# THE TASK:
What is the number of lines in this listing that include "about"? Answer with that number only.

# SUPPLIED RECORDS:

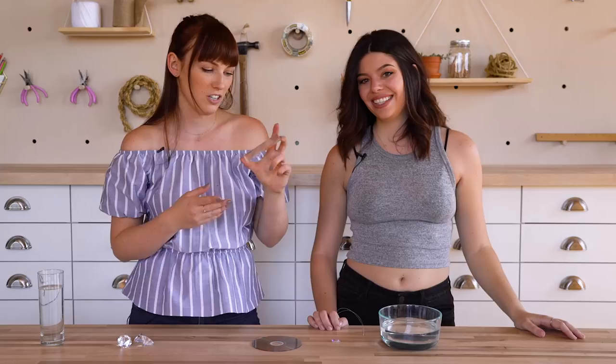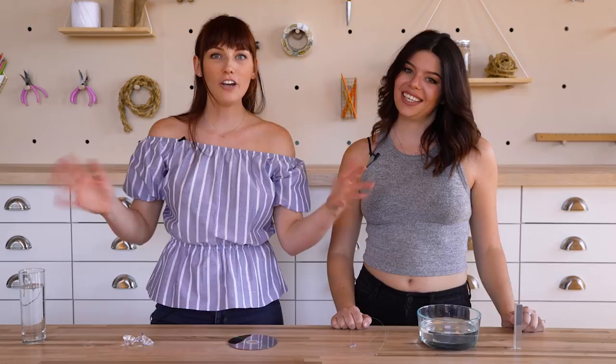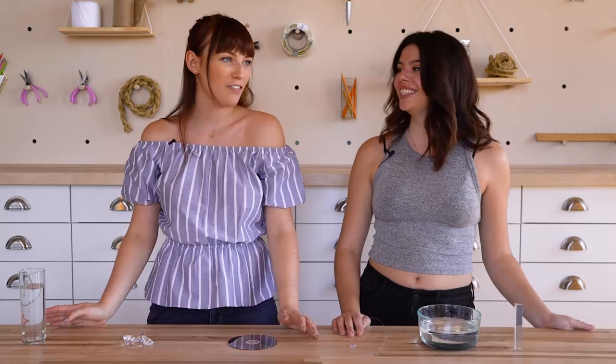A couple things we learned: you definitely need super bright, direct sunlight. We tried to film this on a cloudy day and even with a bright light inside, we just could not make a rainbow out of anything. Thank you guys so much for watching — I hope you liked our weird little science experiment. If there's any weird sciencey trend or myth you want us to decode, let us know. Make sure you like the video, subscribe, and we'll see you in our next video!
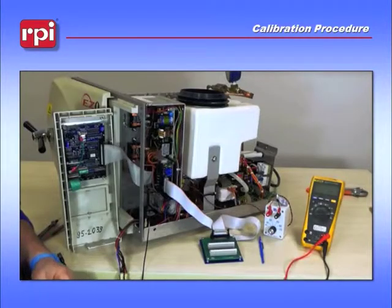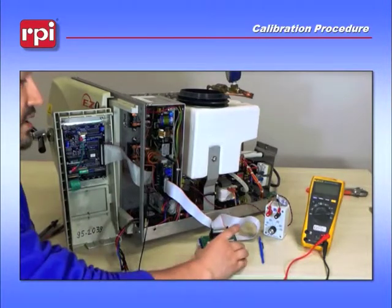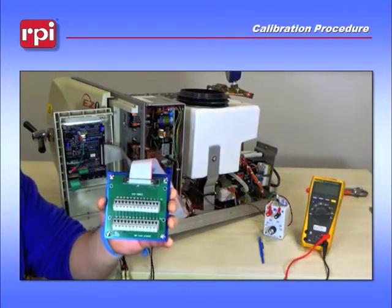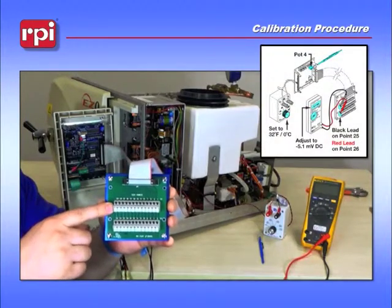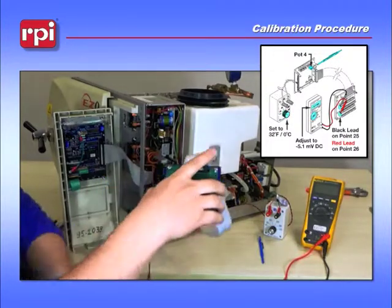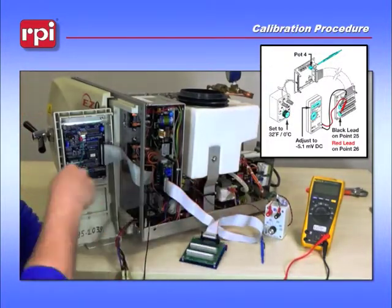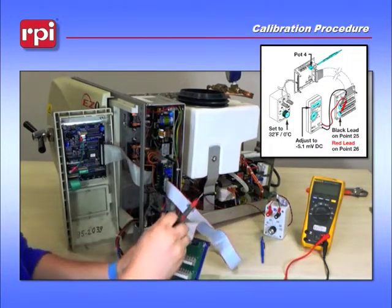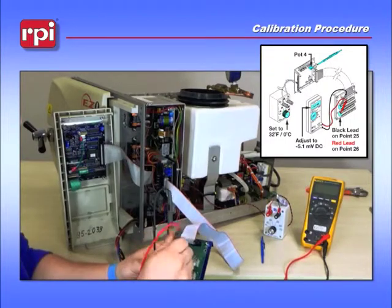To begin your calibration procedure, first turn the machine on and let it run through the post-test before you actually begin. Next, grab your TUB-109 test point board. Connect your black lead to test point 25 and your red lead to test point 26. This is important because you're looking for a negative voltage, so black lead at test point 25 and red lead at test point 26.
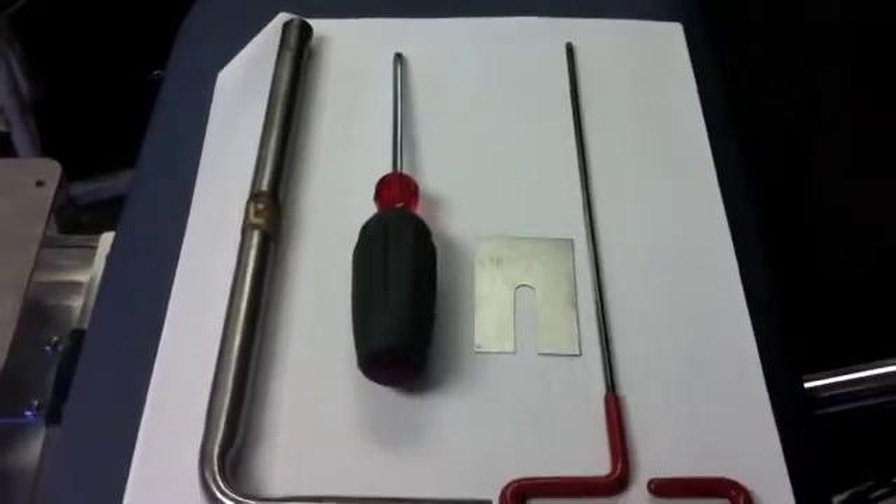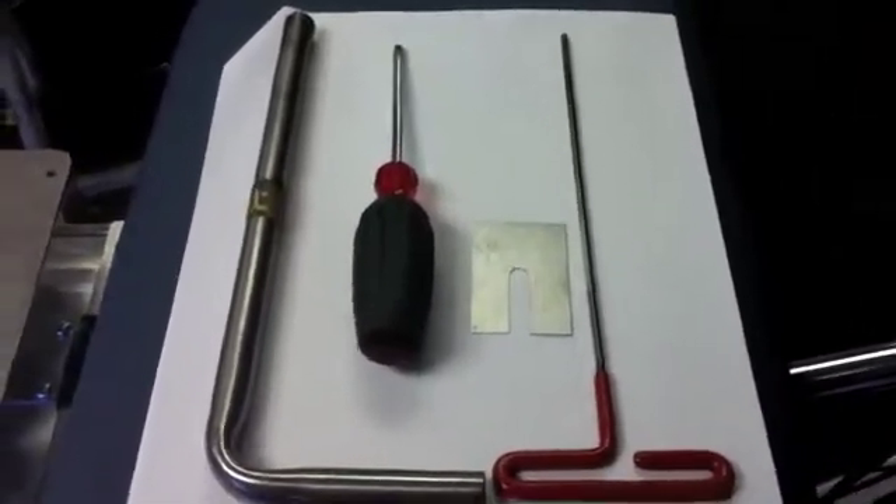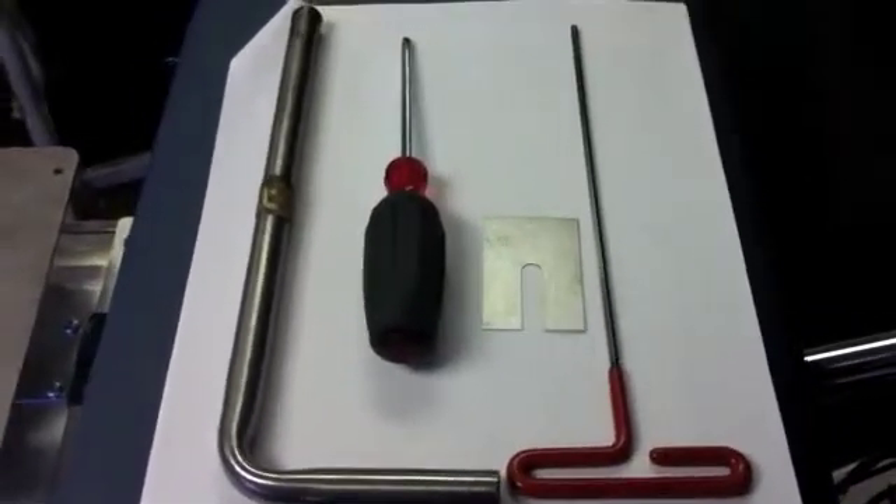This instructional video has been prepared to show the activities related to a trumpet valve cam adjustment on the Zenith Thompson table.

==

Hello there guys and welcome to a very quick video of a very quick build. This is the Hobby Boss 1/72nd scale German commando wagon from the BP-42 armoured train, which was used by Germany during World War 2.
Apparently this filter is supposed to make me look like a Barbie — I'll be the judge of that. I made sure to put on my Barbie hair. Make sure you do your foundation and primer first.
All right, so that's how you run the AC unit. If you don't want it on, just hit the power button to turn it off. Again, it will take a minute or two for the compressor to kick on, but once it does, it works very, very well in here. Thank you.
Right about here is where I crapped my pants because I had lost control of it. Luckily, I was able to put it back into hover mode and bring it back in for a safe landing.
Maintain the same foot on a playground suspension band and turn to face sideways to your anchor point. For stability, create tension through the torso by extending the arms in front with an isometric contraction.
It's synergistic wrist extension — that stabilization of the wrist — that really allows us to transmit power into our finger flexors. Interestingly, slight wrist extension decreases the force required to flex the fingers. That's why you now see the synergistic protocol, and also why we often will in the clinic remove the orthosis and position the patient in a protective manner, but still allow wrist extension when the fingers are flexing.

==

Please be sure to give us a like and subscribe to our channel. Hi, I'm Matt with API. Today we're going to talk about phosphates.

# THE COMPLETED TASK:
2